The very first recognition of the Flag Day celebration started in 1777, less than one year after Betsy Ross received the order from General Washington to make the first flag. The Second Continental Congress stated, “Resolved, that the flag of the United States be thirteen stripes, alternate red and white; that the union be thirteen stars, white in a blue field, representing a new Constellation.” The first national observance of the holiday was 100 years later.
Flag Day was officially established in 1916 by the Proclamation of President Woodrow Wilson, but it wasn’t until 1949 that President Truman signed an Act of Congress stating that June 14 of each year would be the designated “National Flag Day.” The holiday was inspired by the accumulation of several people doing their own local celebrations.

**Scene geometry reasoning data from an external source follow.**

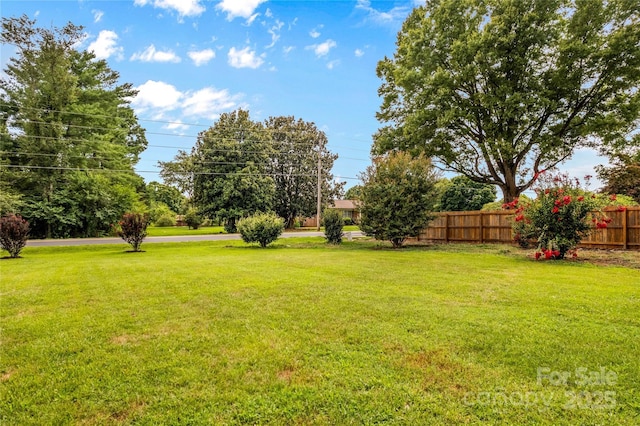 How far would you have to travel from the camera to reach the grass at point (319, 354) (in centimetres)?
219

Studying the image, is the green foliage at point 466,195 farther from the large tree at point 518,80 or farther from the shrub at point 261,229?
the shrub at point 261,229

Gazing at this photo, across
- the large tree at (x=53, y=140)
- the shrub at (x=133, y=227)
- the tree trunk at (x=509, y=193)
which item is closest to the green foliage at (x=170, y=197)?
the large tree at (x=53, y=140)

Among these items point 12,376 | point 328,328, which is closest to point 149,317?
point 12,376

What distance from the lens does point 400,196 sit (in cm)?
1408

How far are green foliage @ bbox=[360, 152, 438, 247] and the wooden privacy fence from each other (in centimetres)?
138

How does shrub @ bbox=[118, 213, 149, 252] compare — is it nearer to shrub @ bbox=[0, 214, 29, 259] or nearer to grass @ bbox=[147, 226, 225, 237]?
shrub @ bbox=[0, 214, 29, 259]

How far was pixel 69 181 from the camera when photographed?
2280 cm

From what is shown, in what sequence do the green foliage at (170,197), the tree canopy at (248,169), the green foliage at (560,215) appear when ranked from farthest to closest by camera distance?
the green foliage at (170,197)
the tree canopy at (248,169)
the green foliage at (560,215)

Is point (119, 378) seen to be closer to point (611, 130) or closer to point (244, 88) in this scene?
point (244, 88)

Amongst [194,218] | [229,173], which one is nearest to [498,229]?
[229,173]

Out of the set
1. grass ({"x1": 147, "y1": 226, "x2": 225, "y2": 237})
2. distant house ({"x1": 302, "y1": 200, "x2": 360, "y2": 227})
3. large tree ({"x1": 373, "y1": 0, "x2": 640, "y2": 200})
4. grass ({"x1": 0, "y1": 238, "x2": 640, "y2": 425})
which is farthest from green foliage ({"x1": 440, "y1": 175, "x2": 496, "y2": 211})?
grass ({"x1": 0, "y1": 238, "x2": 640, "y2": 425})

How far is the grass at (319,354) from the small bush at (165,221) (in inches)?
1470

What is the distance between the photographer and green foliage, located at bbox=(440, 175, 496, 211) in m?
40.2

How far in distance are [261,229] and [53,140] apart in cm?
1650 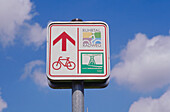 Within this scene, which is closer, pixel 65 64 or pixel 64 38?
pixel 65 64

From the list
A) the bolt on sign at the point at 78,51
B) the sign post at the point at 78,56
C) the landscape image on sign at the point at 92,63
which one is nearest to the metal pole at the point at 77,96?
the sign post at the point at 78,56

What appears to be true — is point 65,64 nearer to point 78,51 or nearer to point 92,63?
point 78,51

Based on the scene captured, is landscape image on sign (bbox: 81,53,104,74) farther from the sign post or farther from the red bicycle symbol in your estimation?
the red bicycle symbol

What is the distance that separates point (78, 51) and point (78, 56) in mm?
162

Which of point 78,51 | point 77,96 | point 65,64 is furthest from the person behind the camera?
point 78,51

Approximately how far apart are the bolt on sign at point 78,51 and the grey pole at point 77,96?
0.25 meters

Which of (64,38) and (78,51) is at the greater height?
(64,38)

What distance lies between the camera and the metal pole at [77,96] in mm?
9945

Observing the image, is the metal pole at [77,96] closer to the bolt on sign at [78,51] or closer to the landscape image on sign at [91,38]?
the bolt on sign at [78,51]

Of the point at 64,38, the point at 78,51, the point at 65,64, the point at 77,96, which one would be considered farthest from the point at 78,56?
the point at 77,96

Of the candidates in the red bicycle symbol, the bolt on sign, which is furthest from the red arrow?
the red bicycle symbol

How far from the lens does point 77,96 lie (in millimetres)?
10109

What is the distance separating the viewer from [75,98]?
10086mm

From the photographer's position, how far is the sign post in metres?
10.2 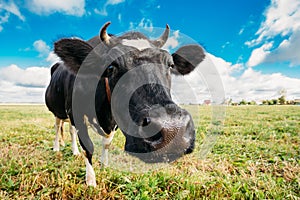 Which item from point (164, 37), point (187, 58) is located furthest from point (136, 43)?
point (187, 58)

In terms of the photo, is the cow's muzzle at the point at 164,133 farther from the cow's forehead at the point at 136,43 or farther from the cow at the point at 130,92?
the cow's forehead at the point at 136,43

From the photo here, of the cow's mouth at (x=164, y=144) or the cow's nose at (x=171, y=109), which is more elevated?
the cow's nose at (x=171, y=109)

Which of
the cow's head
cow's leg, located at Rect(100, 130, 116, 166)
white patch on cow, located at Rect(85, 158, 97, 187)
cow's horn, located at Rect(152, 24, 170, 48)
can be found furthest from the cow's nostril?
cow's leg, located at Rect(100, 130, 116, 166)

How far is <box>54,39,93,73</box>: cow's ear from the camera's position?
282cm

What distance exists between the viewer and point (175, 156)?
2004 mm

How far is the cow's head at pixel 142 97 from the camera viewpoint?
176cm

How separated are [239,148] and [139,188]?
3068mm

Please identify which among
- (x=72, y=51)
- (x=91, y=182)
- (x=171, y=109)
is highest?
(x=72, y=51)

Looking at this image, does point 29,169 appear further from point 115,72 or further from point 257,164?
point 257,164

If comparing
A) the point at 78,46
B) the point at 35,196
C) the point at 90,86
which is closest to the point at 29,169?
the point at 35,196

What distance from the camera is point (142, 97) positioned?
207cm

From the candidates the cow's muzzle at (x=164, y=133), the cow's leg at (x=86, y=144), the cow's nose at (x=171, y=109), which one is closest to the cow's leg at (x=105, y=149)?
the cow's leg at (x=86, y=144)

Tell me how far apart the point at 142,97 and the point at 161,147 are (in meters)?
0.56

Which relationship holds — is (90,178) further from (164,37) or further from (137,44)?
(164,37) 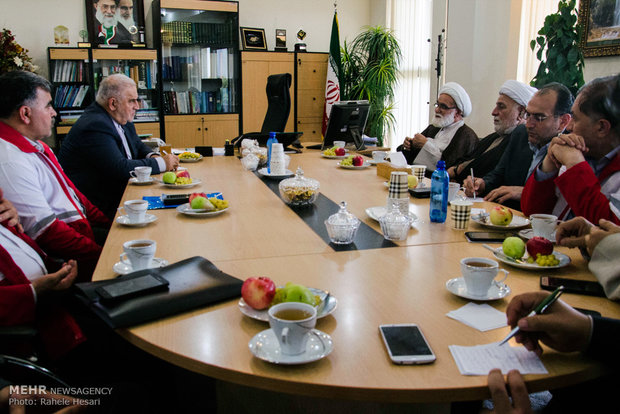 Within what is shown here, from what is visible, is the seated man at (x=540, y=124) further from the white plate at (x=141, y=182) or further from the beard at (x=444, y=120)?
the white plate at (x=141, y=182)

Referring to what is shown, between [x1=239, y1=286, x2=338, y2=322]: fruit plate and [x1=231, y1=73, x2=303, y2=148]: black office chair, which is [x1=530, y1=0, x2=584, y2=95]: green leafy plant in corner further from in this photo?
[x1=239, y1=286, x2=338, y2=322]: fruit plate

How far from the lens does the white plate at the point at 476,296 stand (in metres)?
1.22

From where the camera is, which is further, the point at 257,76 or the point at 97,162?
the point at 257,76

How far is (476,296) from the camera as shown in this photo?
1.23 meters

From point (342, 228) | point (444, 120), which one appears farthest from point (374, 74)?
point (342, 228)

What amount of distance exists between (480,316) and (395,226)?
58cm

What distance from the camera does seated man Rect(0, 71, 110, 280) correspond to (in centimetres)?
184

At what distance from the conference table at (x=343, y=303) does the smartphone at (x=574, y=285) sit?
2cm

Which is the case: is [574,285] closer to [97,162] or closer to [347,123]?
[97,162]

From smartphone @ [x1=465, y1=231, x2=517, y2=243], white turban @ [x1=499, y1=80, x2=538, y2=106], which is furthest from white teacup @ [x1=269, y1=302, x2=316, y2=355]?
white turban @ [x1=499, y1=80, x2=538, y2=106]

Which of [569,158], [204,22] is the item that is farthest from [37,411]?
[204,22]

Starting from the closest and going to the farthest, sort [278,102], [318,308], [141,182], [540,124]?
[318,308] → [540,124] → [141,182] → [278,102]

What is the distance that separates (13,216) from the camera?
1658mm

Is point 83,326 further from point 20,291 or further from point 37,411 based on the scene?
point 37,411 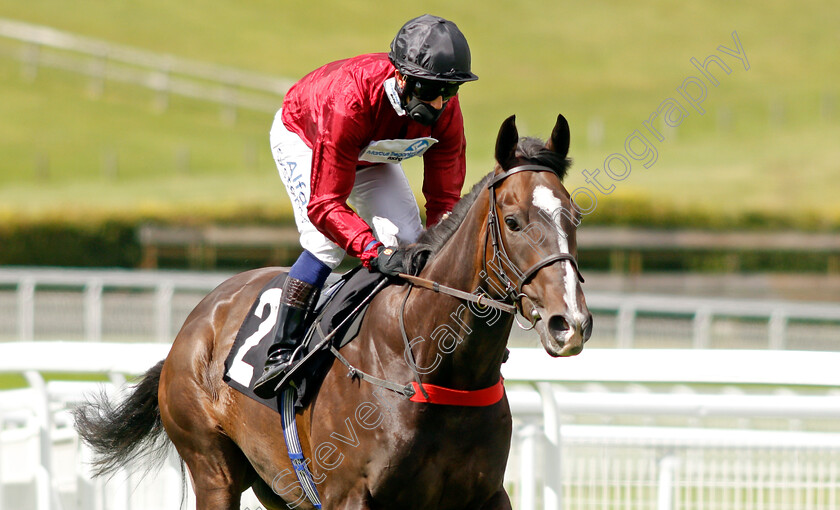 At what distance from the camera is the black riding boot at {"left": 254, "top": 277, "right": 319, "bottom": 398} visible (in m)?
3.27

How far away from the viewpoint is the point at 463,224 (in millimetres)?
2912

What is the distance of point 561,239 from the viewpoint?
254 cm

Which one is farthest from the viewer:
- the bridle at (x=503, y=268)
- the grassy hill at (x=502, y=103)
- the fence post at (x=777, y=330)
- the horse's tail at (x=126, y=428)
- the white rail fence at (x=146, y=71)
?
the white rail fence at (x=146, y=71)

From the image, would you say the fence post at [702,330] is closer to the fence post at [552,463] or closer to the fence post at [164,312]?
the fence post at [164,312]

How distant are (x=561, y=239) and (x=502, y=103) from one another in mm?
40633

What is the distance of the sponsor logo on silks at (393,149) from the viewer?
10.7 feet

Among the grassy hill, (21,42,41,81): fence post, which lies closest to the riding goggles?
the grassy hill

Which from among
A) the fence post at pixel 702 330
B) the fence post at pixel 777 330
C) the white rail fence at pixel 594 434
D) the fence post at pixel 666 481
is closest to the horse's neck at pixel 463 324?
the white rail fence at pixel 594 434

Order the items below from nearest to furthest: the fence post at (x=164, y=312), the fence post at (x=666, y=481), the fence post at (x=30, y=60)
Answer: the fence post at (x=666, y=481) → the fence post at (x=164, y=312) → the fence post at (x=30, y=60)

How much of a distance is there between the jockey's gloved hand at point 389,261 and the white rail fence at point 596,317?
282 inches

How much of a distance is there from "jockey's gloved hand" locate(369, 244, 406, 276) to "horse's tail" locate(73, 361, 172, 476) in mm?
1527

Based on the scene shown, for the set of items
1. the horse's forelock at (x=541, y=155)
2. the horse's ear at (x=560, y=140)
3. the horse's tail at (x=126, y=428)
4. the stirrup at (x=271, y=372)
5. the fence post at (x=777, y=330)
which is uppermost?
the horse's ear at (x=560, y=140)

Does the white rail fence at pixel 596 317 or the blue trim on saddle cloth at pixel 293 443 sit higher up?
the blue trim on saddle cloth at pixel 293 443

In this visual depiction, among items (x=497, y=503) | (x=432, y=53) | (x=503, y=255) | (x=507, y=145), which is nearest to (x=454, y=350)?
(x=503, y=255)
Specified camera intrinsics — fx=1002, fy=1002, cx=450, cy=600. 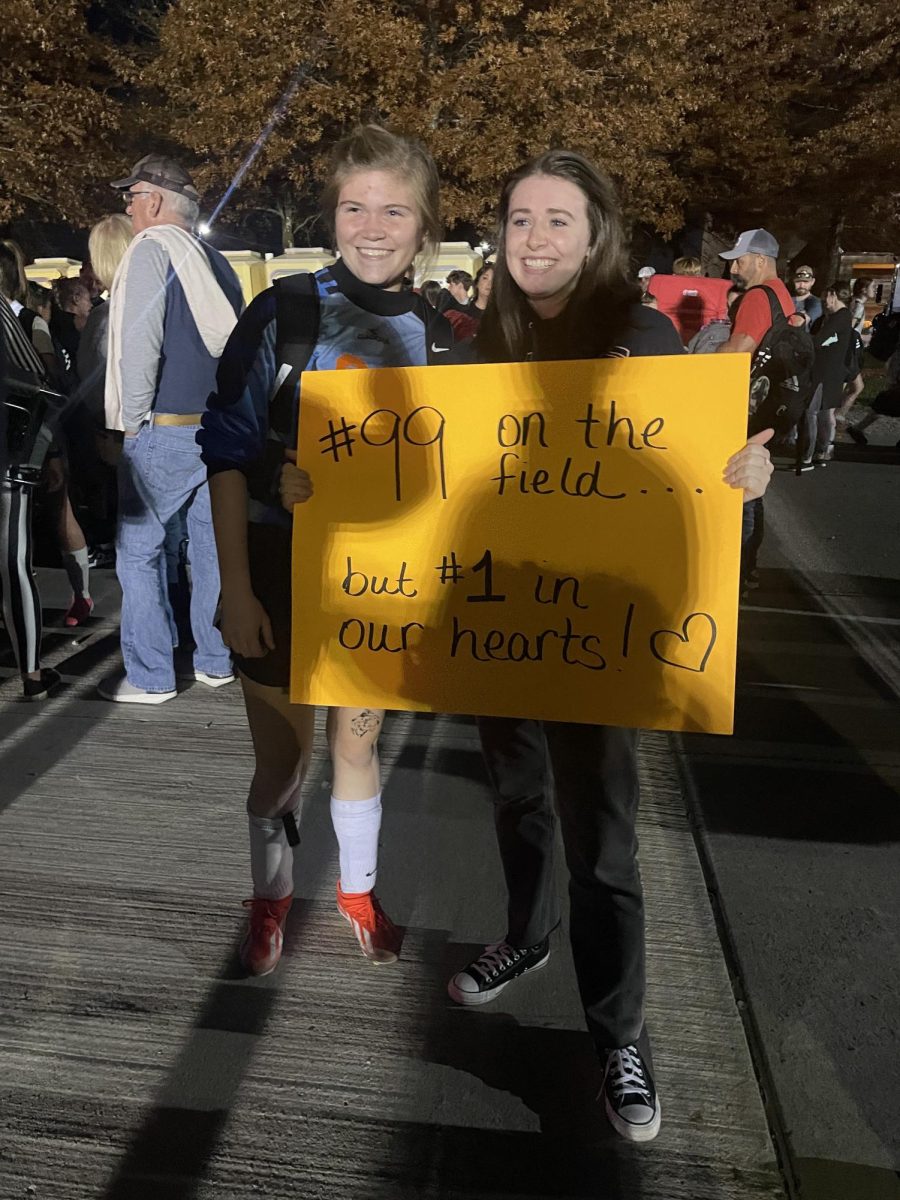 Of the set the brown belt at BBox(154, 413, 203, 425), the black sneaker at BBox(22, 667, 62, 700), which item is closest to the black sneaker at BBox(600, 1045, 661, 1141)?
the brown belt at BBox(154, 413, 203, 425)

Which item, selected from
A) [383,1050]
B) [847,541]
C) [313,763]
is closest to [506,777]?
[383,1050]

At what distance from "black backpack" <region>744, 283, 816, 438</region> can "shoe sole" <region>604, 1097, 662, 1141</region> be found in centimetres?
432

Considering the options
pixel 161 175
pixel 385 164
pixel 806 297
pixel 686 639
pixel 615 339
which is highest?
pixel 806 297

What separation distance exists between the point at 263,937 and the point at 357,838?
367 mm

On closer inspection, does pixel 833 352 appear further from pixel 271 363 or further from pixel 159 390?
pixel 271 363

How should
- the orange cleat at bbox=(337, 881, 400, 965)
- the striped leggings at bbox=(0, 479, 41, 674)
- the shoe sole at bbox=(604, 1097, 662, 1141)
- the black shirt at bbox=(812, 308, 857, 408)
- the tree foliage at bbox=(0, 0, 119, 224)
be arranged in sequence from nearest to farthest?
the shoe sole at bbox=(604, 1097, 662, 1141) → the orange cleat at bbox=(337, 881, 400, 965) → the striped leggings at bbox=(0, 479, 41, 674) → the black shirt at bbox=(812, 308, 857, 408) → the tree foliage at bbox=(0, 0, 119, 224)

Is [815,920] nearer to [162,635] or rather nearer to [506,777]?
[506,777]

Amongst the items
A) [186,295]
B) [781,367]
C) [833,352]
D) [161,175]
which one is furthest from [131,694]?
[833,352]

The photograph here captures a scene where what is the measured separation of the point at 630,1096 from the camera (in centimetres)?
207

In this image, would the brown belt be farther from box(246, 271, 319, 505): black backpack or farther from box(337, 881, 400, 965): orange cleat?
box(337, 881, 400, 965): orange cleat

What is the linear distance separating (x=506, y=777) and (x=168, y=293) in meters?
2.54

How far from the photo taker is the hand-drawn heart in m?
1.87

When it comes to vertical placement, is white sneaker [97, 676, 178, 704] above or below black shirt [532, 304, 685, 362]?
below

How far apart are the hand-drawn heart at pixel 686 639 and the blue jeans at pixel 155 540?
2608mm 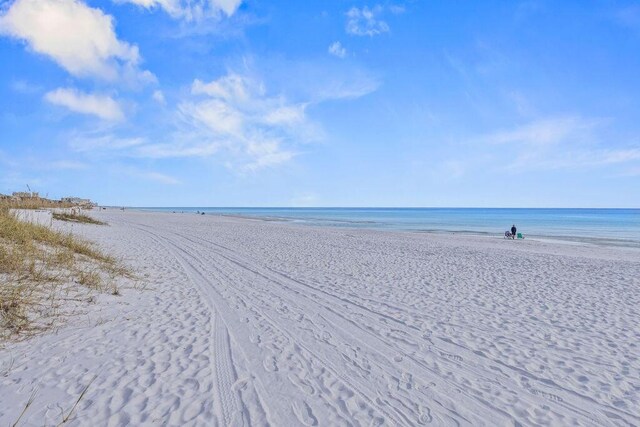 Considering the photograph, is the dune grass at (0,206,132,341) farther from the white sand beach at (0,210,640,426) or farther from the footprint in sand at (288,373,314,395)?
the footprint in sand at (288,373,314,395)

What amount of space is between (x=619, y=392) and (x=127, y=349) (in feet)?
21.7

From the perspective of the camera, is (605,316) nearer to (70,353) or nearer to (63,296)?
(70,353)

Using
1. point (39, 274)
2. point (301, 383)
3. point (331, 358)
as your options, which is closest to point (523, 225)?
point (331, 358)

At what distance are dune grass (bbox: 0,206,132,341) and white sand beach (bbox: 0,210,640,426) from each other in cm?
50

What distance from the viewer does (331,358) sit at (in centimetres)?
541

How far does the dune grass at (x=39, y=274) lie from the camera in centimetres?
570

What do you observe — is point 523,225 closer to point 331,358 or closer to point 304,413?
point 331,358

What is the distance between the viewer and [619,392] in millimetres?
4621

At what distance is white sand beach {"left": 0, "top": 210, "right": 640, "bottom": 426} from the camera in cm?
400

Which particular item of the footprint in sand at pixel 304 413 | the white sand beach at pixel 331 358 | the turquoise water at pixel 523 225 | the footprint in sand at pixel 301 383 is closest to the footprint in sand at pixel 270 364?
the white sand beach at pixel 331 358

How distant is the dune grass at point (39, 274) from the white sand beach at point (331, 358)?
50 cm

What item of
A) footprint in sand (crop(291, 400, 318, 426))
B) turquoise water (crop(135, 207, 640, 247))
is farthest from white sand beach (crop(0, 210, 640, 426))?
turquoise water (crop(135, 207, 640, 247))

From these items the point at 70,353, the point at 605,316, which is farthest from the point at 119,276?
the point at 605,316

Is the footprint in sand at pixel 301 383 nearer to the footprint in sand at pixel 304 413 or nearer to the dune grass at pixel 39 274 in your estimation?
the footprint in sand at pixel 304 413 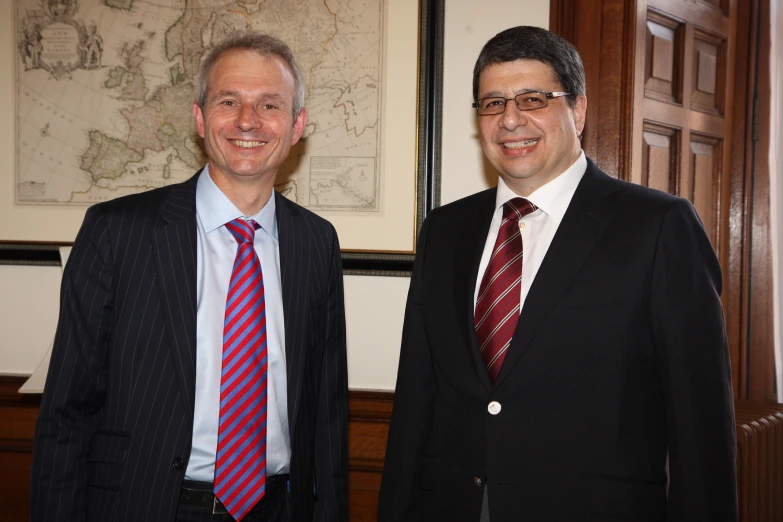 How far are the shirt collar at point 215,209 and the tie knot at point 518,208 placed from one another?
0.65 metres

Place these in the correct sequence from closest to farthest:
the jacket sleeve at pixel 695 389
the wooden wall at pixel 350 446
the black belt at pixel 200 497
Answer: the jacket sleeve at pixel 695 389 < the black belt at pixel 200 497 < the wooden wall at pixel 350 446

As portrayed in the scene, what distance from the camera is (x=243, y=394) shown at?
1.67 metres

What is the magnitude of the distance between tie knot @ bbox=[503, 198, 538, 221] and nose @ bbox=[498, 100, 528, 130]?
0.63 ft

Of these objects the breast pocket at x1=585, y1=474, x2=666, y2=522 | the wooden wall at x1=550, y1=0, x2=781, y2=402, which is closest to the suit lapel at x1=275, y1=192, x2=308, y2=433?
the breast pocket at x1=585, y1=474, x2=666, y2=522

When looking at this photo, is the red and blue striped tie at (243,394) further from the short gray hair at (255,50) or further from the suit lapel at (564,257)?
the suit lapel at (564,257)

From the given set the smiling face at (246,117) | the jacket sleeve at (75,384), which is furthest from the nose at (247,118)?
the jacket sleeve at (75,384)

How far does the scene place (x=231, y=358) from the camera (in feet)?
5.50

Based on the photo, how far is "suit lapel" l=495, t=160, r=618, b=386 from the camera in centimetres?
161

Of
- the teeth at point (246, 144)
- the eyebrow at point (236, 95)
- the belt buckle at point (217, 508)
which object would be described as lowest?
the belt buckle at point (217, 508)

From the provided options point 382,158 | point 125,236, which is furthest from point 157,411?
point 382,158

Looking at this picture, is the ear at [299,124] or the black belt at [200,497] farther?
the ear at [299,124]

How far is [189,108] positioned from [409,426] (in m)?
1.67

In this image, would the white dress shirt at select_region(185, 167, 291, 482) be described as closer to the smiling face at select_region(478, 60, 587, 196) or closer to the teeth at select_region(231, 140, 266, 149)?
the teeth at select_region(231, 140, 266, 149)

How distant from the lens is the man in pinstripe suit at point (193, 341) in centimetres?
161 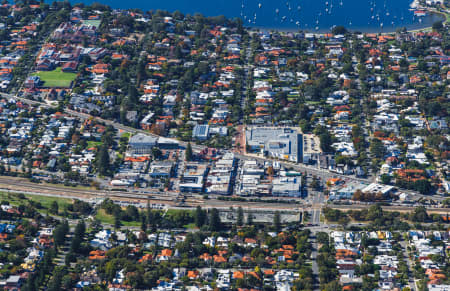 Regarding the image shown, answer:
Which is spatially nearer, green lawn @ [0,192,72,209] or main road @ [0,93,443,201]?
green lawn @ [0,192,72,209]

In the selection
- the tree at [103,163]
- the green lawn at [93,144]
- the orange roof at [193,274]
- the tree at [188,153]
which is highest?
the green lawn at [93,144]

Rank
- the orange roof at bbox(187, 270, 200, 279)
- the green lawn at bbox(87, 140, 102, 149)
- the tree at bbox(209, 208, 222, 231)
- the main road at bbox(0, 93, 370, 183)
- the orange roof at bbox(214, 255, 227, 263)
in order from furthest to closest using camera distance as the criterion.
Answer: the green lawn at bbox(87, 140, 102, 149) → the main road at bbox(0, 93, 370, 183) → the tree at bbox(209, 208, 222, 231) → the orange roof at bbox(214, 255, 227, 263) → the orange roof at bbox(187, 270, 200, 279)

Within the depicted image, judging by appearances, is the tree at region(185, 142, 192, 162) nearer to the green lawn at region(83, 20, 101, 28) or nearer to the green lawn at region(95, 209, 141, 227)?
the green lawn at region(95, 209, 141, 227)

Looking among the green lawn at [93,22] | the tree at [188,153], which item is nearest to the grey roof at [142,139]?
the tree at [188,153]

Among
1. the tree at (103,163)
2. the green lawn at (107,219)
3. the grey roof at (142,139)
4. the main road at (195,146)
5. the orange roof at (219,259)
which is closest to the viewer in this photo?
the orange roof at (219,259)

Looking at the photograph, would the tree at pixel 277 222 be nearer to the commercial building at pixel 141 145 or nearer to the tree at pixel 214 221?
the tree at pixel 214 221

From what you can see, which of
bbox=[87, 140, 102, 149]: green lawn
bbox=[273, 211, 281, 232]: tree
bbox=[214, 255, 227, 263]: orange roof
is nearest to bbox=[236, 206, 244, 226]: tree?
bbox=[273, 211, 281, 232]: tree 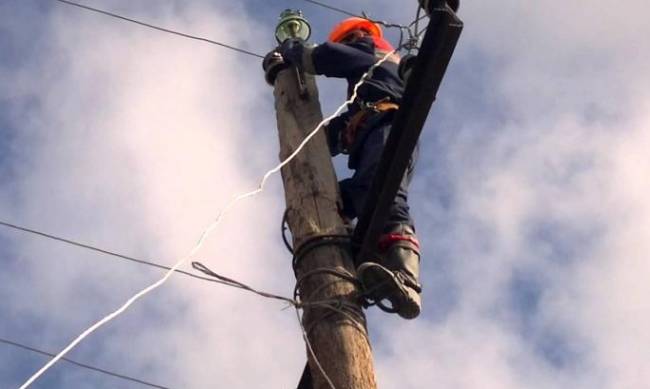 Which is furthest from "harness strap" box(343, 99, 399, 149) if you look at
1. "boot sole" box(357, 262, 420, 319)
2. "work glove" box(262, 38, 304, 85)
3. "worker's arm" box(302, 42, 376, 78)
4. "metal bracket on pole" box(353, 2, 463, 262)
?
"boot sole" box(357, 262, 420, 319)

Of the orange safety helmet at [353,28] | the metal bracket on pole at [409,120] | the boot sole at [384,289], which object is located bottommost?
the boot sole at [384,289]

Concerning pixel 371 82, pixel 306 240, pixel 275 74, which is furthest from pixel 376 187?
pixel 275 74

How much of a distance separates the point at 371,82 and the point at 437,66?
3.60 ft

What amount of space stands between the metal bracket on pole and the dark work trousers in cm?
9

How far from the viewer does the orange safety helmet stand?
584cm

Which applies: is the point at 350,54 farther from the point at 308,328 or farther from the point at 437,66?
the point at 308,328

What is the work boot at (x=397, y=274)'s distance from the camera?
408 centimetres

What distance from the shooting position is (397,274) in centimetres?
416

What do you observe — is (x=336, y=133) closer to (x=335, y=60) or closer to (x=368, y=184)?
(x=335, y=60)

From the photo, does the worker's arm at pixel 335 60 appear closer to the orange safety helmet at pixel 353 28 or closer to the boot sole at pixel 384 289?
the orange safety helmet at pixel 353 28

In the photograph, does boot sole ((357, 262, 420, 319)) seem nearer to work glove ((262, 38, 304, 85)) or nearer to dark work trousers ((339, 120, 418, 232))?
dark work trousers ((339, 120, 418, 232))

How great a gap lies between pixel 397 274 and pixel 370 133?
0.96m

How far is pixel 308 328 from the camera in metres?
3.96

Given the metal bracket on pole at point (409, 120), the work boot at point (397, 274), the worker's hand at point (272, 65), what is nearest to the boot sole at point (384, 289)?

BJ Cigrand, a school teacher in Wisconsin, was the first person to celebrate Flag Day in 1885. It was originally known as “Flag Birthday.” In 1889, George Balch, a kindergarten teacher in New York City put together a ceremony for his students to celebrate the American flag, and his idea was soon adopted by the State Board of Education of New York.
The week of June 14 is also National Flag week. People celebrate by flying flags outside their homes or businesses. They also join in or go to watch parades that are held in a city near them. Though Flag Day is not a federal holiday in any state except for New York and Pennsylvania, it is a nationwide observance, and businesses are still open.